[ Author Adrian Trasca ]
 This one day I went to Bucharest to visit my godfather Pandelică. I arrived, I rang at the door, nothin`. A neighbor lady with a staggering voice welcomed me, one bottle in her hand: “Ain`t home, pop, they left early in the mornin` to the sledding.” Well, I say to myself, my godfather may have drawn again a winning ticket and won a Feat 850, who knows? “Where, I say, Sinaia again?” "Not to the mountain, to the weddin` - she replies -, and they ain`t comin` back any sooner that tomorraw".
I left the place. Man, so much people in this Bucharest! As far as the eye can see, people and people, swarm of cars, and even more people, hooters, noises, back and forth, and all of them in a hurry, do you hear me? Where do they go, where do they hurry like that, I wondered, `cause the winter wasn`t finished, and the field work hadn`t begun?
As I was passing by their oldest park, called Cişmigiu, I saw a colored sheet of paper glued on a fence. I read, it said... “Figaro`s wedding”. And because I was kind of hungry, I say to myself, what if I go there, I can run into godfather Pandelică and godmother Reta.
I asked for directions, I got there, Jesus, a huge building with some arched columns and a field in front of it, just good to be sowed. Great gentleman should be this Figarro having his wedding in a hell of a restaurant! I arrived there and found they call it Opera. I tried to enter, but some ladies dressed like doctors, but in black, stopped me and wanted to see my ticket. “Don`t have none, I said, but, you see, my godfather Pandelică, isn`t he on the guests` list? Because I take the key from him and I don`t stay, you know?” “If they were invited, check with Mr Mitică! ” said one of them.
I went where she`d said, there at that office was a chubby guy sittin` on a stool. “Your name! ” he sais. “Juvete”, I answer. He takes a look at a piece of paper and sais, “We don`t have! ” “You don`t, I say, but, you see, godfather Pandelică you don`t have either? “`Cause it`s him I`m looking for! ” He takes a look again. “He isn`t, he says.

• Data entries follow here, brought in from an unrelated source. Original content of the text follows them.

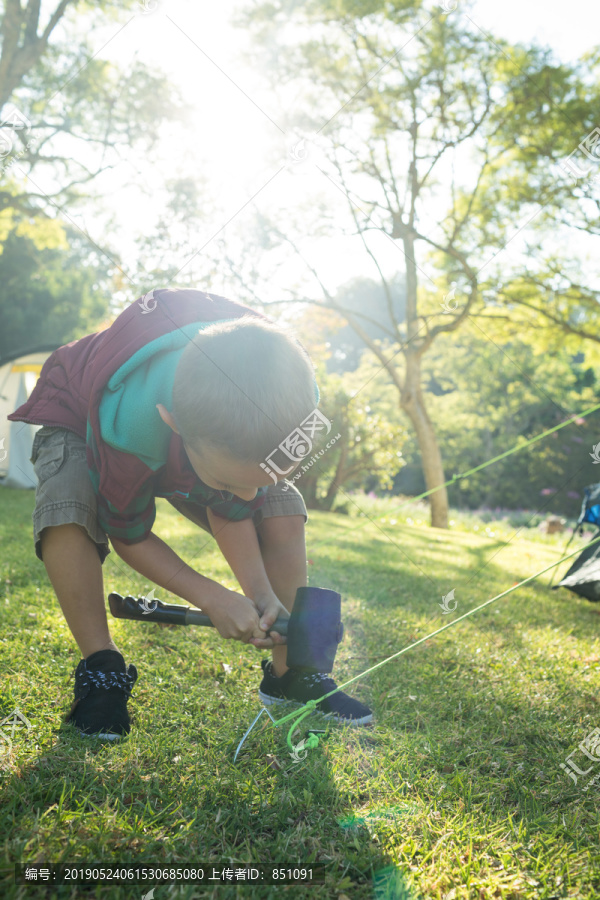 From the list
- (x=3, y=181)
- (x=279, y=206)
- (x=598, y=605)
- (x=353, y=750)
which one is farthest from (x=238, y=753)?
(x=3, y=181)

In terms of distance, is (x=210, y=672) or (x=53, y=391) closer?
(x=53, y=391)

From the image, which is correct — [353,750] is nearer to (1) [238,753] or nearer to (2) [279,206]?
(1) [238,753]

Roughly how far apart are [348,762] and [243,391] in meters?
1.03

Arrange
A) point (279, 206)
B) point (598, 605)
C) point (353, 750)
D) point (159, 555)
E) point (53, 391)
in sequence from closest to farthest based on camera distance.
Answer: point (353, 750) → point (159, 555) → point (53, 391) → point (279, 206) → point (598, 605)

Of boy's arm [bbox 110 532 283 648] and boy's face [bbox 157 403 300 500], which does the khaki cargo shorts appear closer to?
boy's arm [bbox 110 532 283 648]

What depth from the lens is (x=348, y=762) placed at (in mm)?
1532

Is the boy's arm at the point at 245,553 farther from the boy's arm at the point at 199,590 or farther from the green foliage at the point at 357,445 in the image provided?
the green foliage at the point at 357,445

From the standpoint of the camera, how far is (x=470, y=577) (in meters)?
2.62

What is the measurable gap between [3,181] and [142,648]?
1101 centimetres

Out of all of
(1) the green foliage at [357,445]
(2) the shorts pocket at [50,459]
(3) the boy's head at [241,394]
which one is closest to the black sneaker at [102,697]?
(2) the shorts pocket at [50,459]

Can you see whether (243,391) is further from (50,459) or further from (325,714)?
(325,714)

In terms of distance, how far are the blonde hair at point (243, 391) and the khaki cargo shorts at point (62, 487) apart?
44cm

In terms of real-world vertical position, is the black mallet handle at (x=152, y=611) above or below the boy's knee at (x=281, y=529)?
below

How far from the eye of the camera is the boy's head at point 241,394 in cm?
141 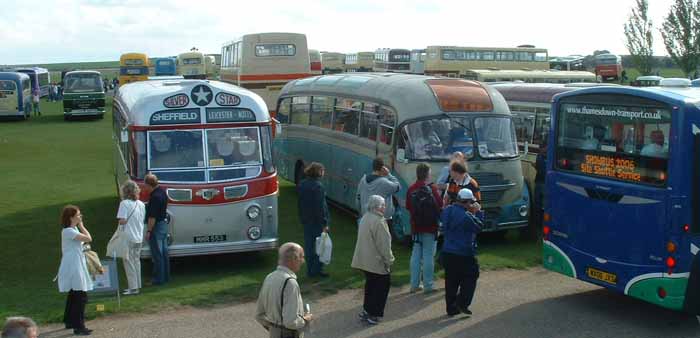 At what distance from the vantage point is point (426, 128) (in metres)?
15.1

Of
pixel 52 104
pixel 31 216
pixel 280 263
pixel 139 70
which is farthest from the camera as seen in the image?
pixel 52 104

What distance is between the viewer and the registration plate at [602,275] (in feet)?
33.9

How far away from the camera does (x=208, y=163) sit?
13.3 metres

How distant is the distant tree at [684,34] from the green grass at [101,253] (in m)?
28.0

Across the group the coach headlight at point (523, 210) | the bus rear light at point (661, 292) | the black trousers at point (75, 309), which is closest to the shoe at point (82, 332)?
the black trousers at point (75, 309)

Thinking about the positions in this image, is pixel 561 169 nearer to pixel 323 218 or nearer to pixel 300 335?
pixel 323 218

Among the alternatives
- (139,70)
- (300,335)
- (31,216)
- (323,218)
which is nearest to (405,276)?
(323,218)

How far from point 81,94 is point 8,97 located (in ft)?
12.2

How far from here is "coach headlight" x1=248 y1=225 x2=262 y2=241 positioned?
43.6 ft

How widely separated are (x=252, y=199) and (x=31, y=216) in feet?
23.5

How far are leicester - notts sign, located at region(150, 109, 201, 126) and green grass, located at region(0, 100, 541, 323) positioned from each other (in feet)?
8.03

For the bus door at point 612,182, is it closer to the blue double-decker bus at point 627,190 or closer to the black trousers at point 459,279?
the blue double-decker bus at point 627,190

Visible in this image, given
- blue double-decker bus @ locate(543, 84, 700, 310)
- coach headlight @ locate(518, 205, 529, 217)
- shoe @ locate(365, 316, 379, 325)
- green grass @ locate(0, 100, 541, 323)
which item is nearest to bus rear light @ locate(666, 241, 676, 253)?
blue double-decker bus @ locate(543, 84, 700, 310)

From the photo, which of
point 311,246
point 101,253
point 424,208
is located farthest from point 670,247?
point 101,253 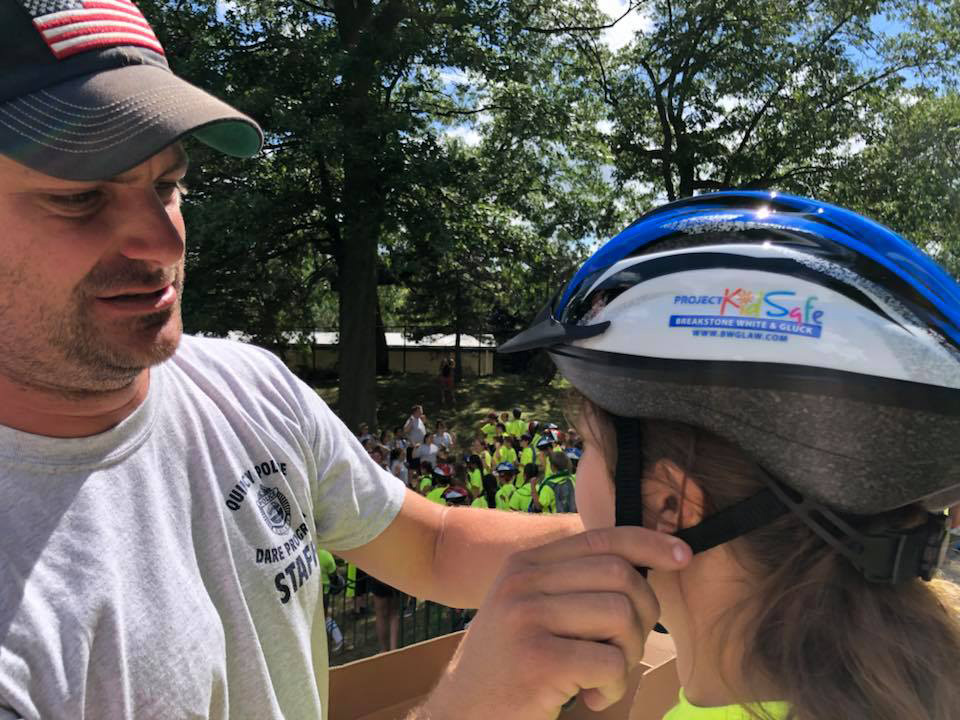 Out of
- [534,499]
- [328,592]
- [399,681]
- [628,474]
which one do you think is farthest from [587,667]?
[534,499]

Why don`t you go and buy yourself a ticket?”
I went there, I sat in the line – `cause there were a lot of people crowded at the office - I asked, that lady in the window said – but kind of sulky – “Figaro`s wedding has been canceled”, today we have “Traviata! ” Do you want a ticket?” Who is this Traviata and what do I have to do with her? But as outside it was cold and windy and here a lot of people – I wasn`t going to be alone with her, you know? – I got me a ticket and got to those doctoresses in black.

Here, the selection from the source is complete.